France Travail renforce la lutte contre la fraude sociale avec de nouvelles mesures
Le ministre du Travail, Jean-Pierre Farandou, a dévoilé dans un entretien au JDD plusieurs initiatives visant à intensifier la lutte contre la fraude sociale. Parmi elles, la possibilité pour France Travail d'utiliser les relevés téléphoniques pour vérifier le lieu de résidence des bénéficiaires d'indemnités chômage.
Suspension des allocations et vérifications renforcées
Jean-Pierre Farandou, âgé de 68 ans, a expliqué que le projet de loi adopté en novembre, renforcé par la droite sénatoriale, permettra de suspendre les allocations chômage ou les prestations sociales en cas de "suspicion sérieuse de fraude". De plus, il envisage de mettre fin aux versements pour les personnes résidant à l'étranger.
Pour s'assurer de la présence des allocataires, les autorités consulaires devront organiser des rendez-vous en présentiel plusieurs fois par an. "Nos autorités consulaires devront, plusieurs fois par an, organiser des rendez-vous en présentiel, pour s'assurer que les allocataires sont toujours en vie", a-t-il précisé.
Surveillance téléphonique et biométrie
Le projet prévoit également que France Travail puisse détecter le lieu de résidence via les relevés téléphoniques. Concrètement, si les données mobiles d'une personne perçoivent le chômage mais indiquent une localisation à l'étranger, les versements pourraient être coupés.

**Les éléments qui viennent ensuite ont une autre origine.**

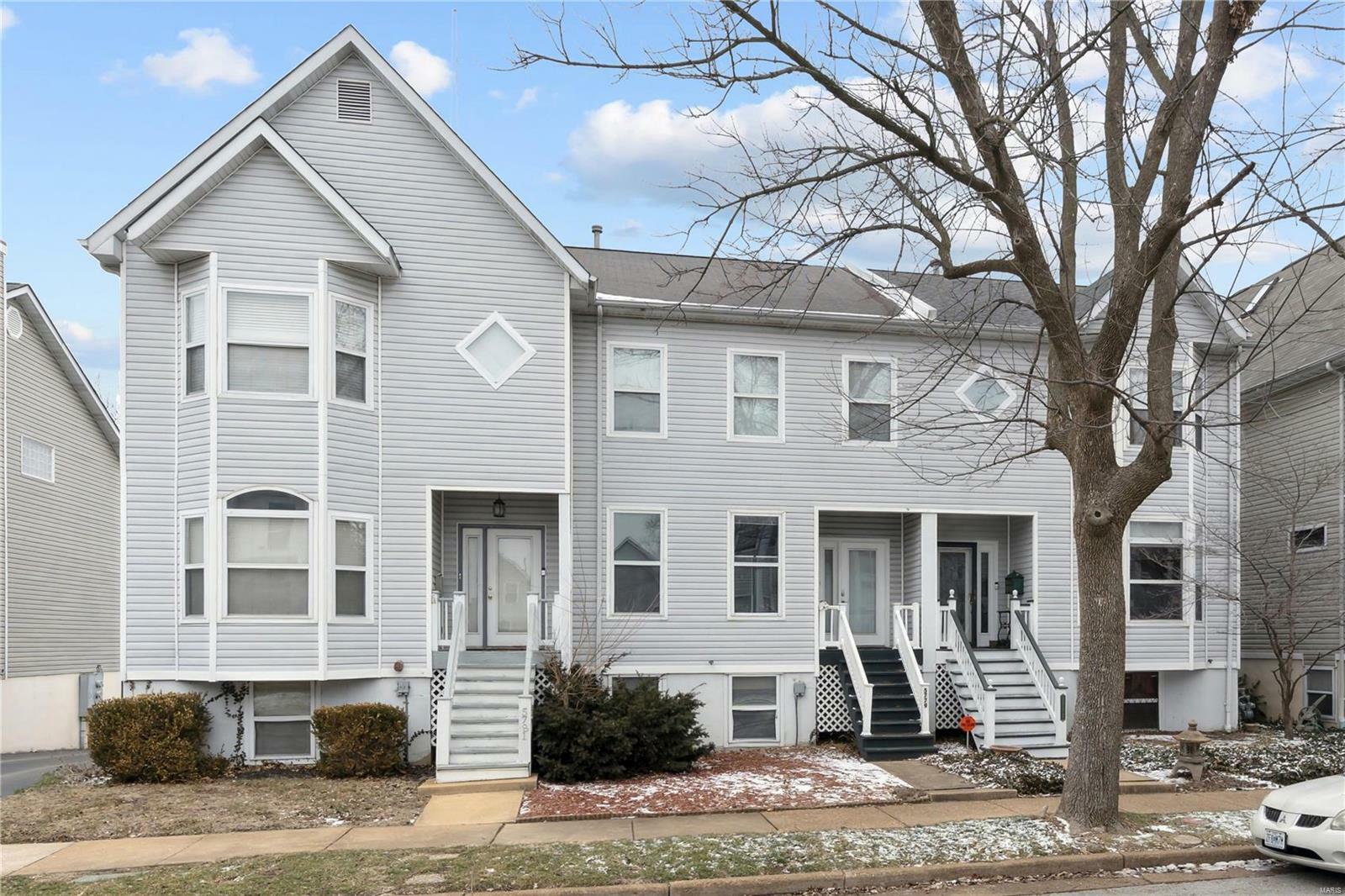 5777 Kingsbury Place  St Louis MO 63112 photo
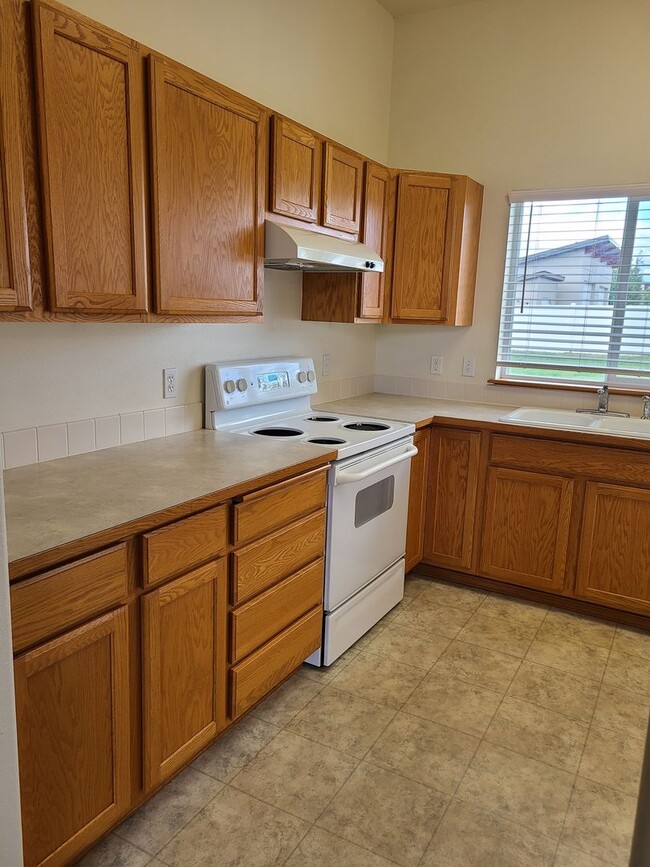 Building Photo - Lovely 3 Bedroom 2 Bath Sunshine Meadows Home for Rent!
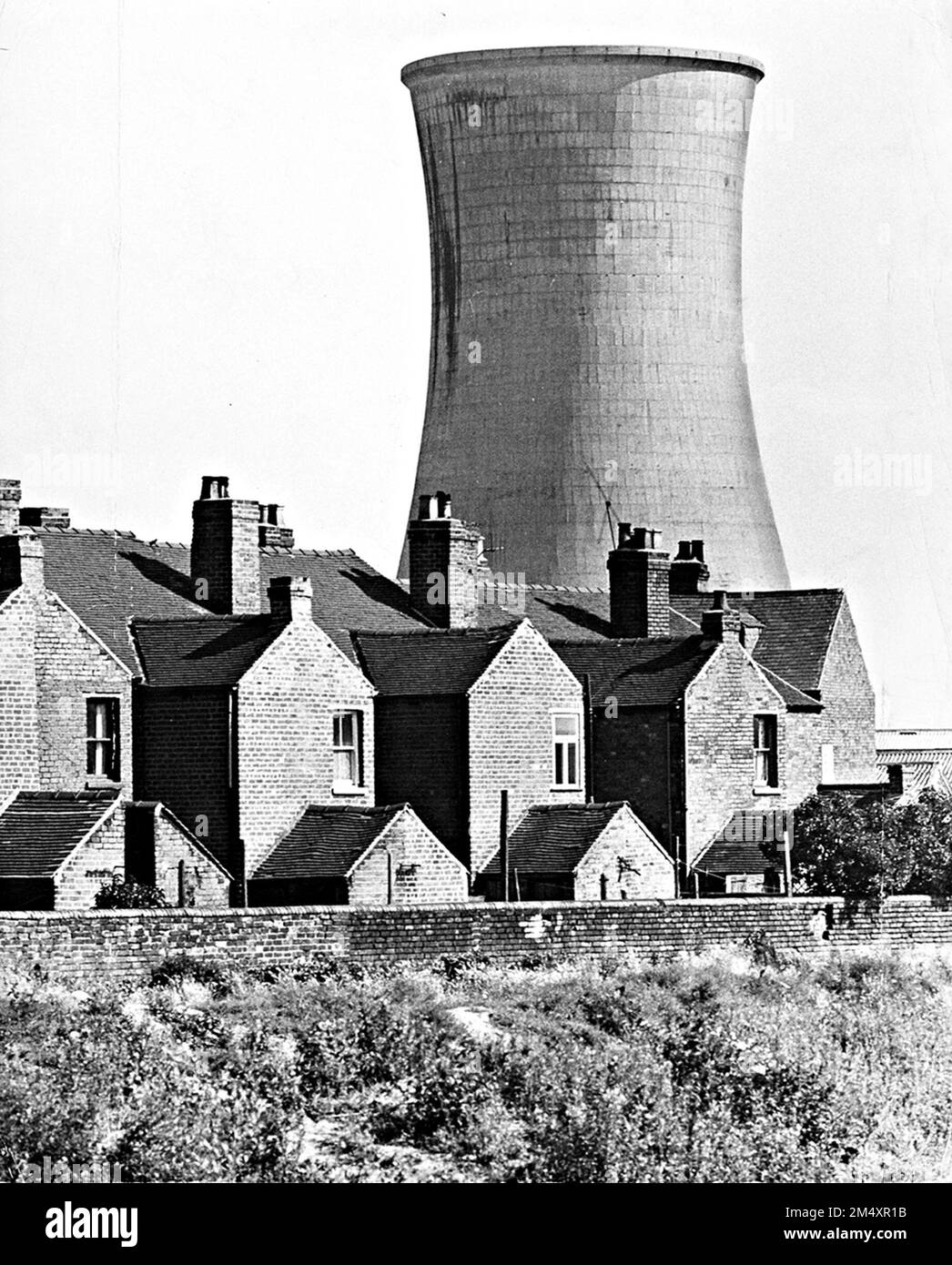 A lone cooling tower towering above terraced houses in Gordon Street, Wolverhampton 1964 Stock Photo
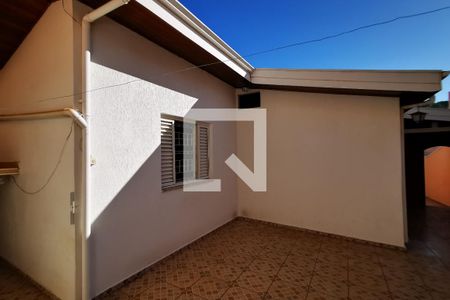 Casa à venda com 210m², 3 quartos e 2 vagasQuintal
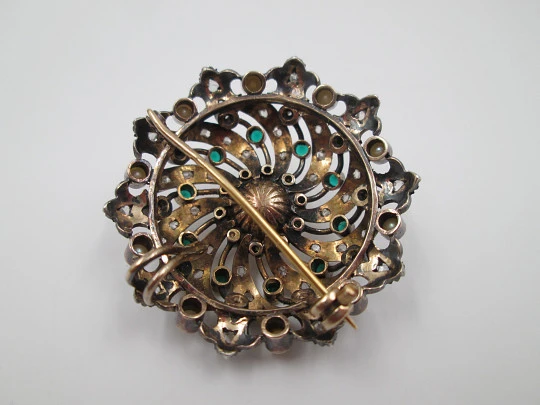 Women's spiral brooch. 18k gold & sterling silver. Pearls, emeralds and diamonds. 1930's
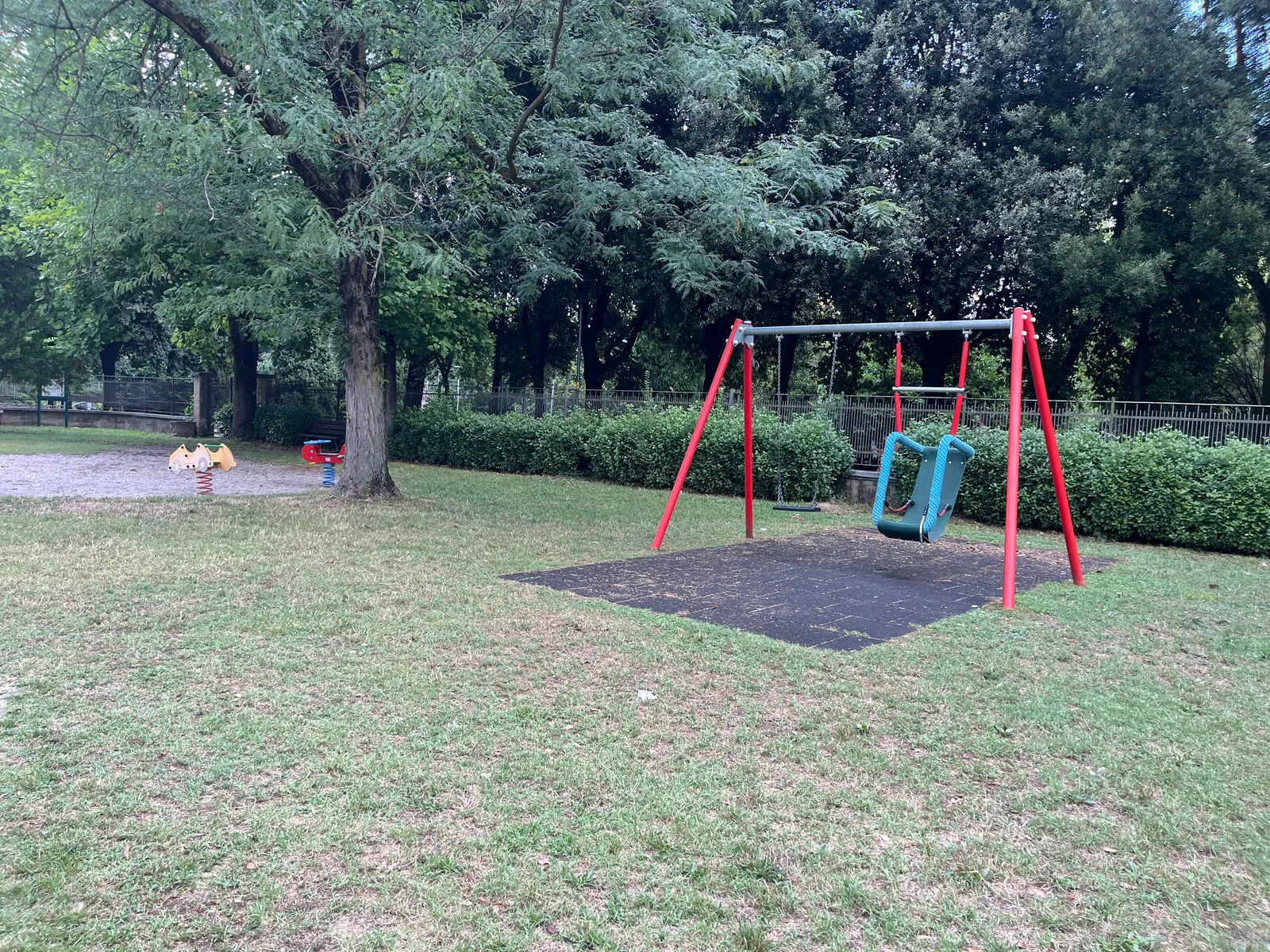 Atmosphere at Giardini Raggio di Sole Verona — travel photo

Jean-Pierre Farandou a aussi dévoilé l'utilisation de technologies biométriques. "Nous sommes en train de mettre au point des moyens de biométrie, via le téléphone portable, qui permettent d'identifier que la personne qui touche les prestations est bien celle qu'elle prétend être", a-t-il détaillé.
Objectifs et application
Si les députés valident le texte à la fin du mois, le gouvernement espère une application rapide, visant à récupérer 1 milliard d'euros sur les 3 milliards ciblés à terme. Cette mesure s'inscrit dans un contexte plus large de durcissement face à la fraude sociale, avec des débats sur les risques de stigmatisation.
Malgré des divergences, le Sénat a adopté le projet de loi, qualifié de "mesure de compromis", soulignant l'enjeu majeur que représente la lutte contre la fraude pour le gouvernement.